Barış Anneleri devam etmekte olan savaş nedeniyle bu yıl bayram kutlamayacak. Galatasaray Lisesi önünde oturma eylemi yapmak isteyen kadınlar polis müdahalesi nedeniyle Ömer Hayyam Parkı'nda oturma eylemi başlattı. BDP'li milletvekilleri Tuncel ve Önder de, Barış Anneleri'nin yanlarında.
Barış Anneleri İnisiyatifi'nin Galatasaray Lisesi önündeki 24 saatlik barış eylemi, İstanbul Valiliği'nin kararıyla engellendi. Polis tarafından Meşrutiyet Caddesi girişinde durdurulan Barış Anneleri'nin barış çağrısı, polisin meydana çıkan caddeleri de kapatarak tüm alanı abluka altına alması sonucu engellendi. BDP İstanbul Milletvekili Sebahat Tuncel de polislerle görüştü ancak polisin katı tutumu nedeniyle sonuç alınmayınca, barikat önünde oturma eylemi başlatıldı.
Barış Anneleri, eylem boyunca "Anaların gözyaşı katilleri boğacak", "Hepimiz anayız, barıştan yanayız" sloganlarını attı.
Daha sonra BDP İstanbul Milletvekili Sırrı Süreyya Önder İstanbul Valisi ile telefonda görüşmesi yaptı. Daha sonra Barış Anneleri Ömer Hayyam Parkı'nda oturma eylemine başladı.

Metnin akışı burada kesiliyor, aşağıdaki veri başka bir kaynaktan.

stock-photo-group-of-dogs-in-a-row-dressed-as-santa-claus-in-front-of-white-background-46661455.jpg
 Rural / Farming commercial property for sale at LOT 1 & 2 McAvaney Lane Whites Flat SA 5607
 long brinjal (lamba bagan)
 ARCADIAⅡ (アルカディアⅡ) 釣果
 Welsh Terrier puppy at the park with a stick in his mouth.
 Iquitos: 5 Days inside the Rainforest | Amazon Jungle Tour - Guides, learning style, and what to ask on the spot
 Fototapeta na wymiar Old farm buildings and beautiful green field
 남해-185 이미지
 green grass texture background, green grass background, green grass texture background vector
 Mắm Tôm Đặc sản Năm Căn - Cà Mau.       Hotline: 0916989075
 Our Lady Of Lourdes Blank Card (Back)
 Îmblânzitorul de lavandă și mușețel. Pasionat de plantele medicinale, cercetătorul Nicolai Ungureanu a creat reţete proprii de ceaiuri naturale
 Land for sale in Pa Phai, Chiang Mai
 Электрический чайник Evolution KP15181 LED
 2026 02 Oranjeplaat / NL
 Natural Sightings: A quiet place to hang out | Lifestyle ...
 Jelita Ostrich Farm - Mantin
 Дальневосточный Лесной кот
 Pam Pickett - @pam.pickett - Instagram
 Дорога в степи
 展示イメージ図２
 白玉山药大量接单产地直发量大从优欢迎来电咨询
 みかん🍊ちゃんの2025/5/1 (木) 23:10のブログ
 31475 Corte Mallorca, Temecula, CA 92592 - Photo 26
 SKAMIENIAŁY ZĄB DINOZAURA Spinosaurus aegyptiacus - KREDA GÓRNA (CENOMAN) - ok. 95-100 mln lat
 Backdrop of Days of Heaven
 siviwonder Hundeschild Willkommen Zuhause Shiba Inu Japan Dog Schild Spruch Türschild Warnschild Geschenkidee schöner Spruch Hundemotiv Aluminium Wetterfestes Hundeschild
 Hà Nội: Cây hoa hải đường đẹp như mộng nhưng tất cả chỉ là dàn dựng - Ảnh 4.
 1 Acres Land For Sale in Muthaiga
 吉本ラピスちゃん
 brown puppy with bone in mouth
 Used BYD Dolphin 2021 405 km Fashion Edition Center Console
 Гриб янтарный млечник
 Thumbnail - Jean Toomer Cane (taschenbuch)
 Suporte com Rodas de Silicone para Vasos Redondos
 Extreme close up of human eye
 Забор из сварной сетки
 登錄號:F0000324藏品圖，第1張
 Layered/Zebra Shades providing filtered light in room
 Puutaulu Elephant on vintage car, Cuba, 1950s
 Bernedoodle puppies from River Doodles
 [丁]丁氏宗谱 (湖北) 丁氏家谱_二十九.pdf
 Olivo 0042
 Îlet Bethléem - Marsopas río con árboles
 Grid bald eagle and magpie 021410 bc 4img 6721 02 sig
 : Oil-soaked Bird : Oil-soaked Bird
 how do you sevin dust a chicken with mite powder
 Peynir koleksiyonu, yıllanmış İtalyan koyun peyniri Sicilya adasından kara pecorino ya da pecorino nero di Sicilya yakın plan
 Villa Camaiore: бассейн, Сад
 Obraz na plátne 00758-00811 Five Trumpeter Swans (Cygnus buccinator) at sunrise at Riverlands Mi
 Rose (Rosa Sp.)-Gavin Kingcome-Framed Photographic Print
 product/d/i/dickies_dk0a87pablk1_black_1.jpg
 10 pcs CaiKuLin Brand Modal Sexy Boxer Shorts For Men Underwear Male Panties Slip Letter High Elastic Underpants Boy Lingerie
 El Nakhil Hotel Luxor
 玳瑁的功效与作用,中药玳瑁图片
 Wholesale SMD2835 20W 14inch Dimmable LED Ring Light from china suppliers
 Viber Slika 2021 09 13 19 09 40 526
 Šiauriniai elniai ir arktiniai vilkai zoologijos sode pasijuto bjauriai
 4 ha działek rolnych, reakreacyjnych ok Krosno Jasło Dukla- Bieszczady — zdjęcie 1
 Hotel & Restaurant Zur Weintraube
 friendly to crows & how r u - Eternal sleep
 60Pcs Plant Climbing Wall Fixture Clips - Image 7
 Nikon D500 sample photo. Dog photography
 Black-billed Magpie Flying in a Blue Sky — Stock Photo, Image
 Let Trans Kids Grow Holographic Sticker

‘ÖLÜMLERİN ÖNÜNE GEÇİLMELİ’
Barış Anneleri İnisiyatifi adına açıklama yapan Cemile Akgün, devletin farklılıklara tahammül göstermediğine dikkat çekerek, bu durumdan en çok anneler ve çocukların zarar gördüğünü hatırlattı. Başbakan Erdoğan'ın tehditkar açıklamalarından sonra askeri operasyonların başladığına dikkat çeken Akgün, bu operasyonlar sonucu sivillerin de yaşamını yitirdiğini belirterek, "Başbakan savaş çığırtkanlığı söylemlerinden vazgeçmeli" uyarısında bulundu.
Açıklamada, PKK Lideri Öcalan'ın avukatlarıyla görüştürülmemesinin, devletin topyekün bir savaşa hazırlandığı yönündeki kuşkuları artırdığına dikkat çekildi ve eklendi: "Abdullah Öcalan ile müzakerelere başlanmalı ve ölümlerin önüne geçilmeli. Bu sorunu 'terör' olarak gören anlayışın Kürt sorunun çözemediğini anlamak için daha kaç tane Türk'ün, kaç tane Kürt'ün ölmesi gerekiyor?"
Barış Anneleri'nin Erdoğan'a da soruları vardı: "Sayın Başbakan, Suriyeli sivillere yönelik haklı tepkinizden yola çıkarak Kürt bebeklerinin parçalanmış bedenlerine de benzer tepkiyi verebilecek misiniz? Sizin tahammülünüz var mı bu ölümlere?"
Barış Anneleri, açıklamalarının sonunda şunları söyledi: "On binlerce evladımızın ölümünü geri döndürmek anaların yaşadığı üzüntü ve acıyı onarmak mümkün olmayacaktır. Artık başka çocuklarımız ve eşlerimizin ölmemesi için barış içinde yaşamaktan başka bir yol olmadığına inanıyoruz. Bütün anneleri barış için çalışmaya ve bizimle hareket etmeye çağırıyoruz."
'HAKKARİ VALİSİ ÖLÜM EMRİ VERDİ; AYHAN KATLEDİLDİ'
BDP İstanbul Milletvekili Sebahat Tuncel ise İstanbul Valiliği'nin eylemi fiili olarak yasakladığına değinerek, engellemeye tepki gösterdi. Tuncel, Valiliğin annelerin barış talebinin diğer yurttaşlar tarafından duyulmasını istemediğini ifade etti.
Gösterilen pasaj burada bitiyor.